AfricaNews Monitoring desk
Somalia's cabinet declared a state of emergency and the parliament speaker asked neighbouring countries to send troops to help the government as fighting intensified. Two legislators have been killed in the last two days in worsening violence between government forces and hard-line Islamists.

Al Shaabab insurgents stepped up an offensive against Somalia's government last month and on Thursday killed the country's security minister and at least 30 other people in a suicide car bomb attack.
They also killed an MP in northern Mogadishu on Friday.
"Today the Somali cabinet has unanimously declared that the country is in a state of emergency," a cabinet statement said, according to Reuters.
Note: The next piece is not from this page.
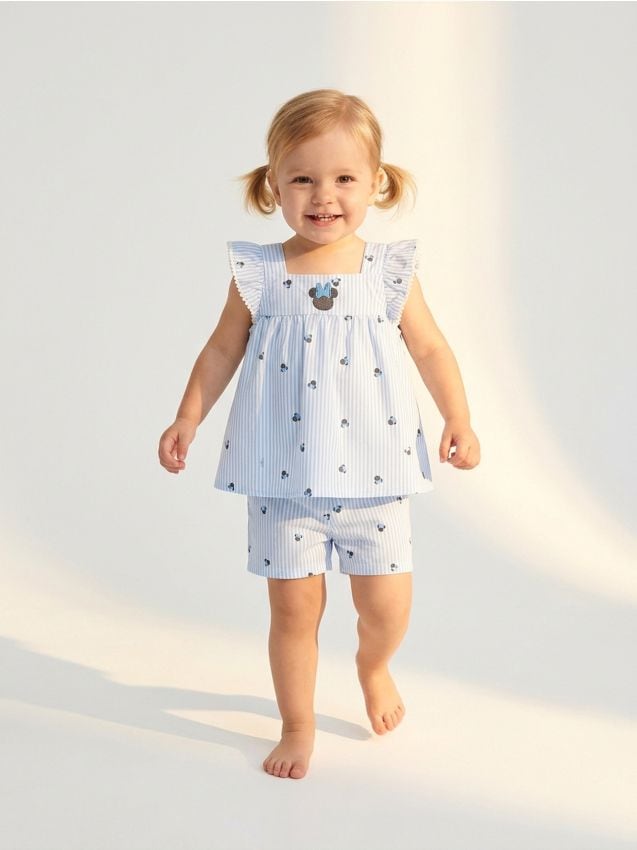 Sinsay - Komplet: bluzka i szorty Minnie Mouse - biały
Parliament speaker Sheikh Aden Mohamed Madobe had earlier asked neighbouring countries to step in militarily to rescue the struggling government.
Residents in the central areas of the Horn of Africa country reported on Saturday seeing Ethiopian troops in Somalia.
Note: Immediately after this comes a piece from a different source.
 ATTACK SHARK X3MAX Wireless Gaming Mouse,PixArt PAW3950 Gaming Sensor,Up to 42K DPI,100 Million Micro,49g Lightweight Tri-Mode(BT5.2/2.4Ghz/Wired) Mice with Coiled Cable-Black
"We are asking the world and neighbouring countries to intervene in Somalia's situation immediately," Madobe told a parliament meeting convened as the opposition fighters advanced towards the presidential palace.
"We want them to come here within 24 hours," he said.
"We've been forced to make this request because of the escalating violence. Those fighting the government are being led by a (former) Pakistani army general, they are burning the flag and killing people," Madobe said.
Kenya said on Friday it would not sit by and allow the situation in its neighbour to deteriorate further because it would destabilise the region.
Kenya and other countries in the region as well as Western nations fear that if the chaos continues in Somalia, groups with links to al Qaeda will become entrenched and threaten the stability of neighbouring countries.
Kenya said on Friday the African Union was committed to beefing up its 4,300-strong peacekeeping mission in Somalia and helping to build a police force.
But an al Shaabab spokesman warned it against any intervention.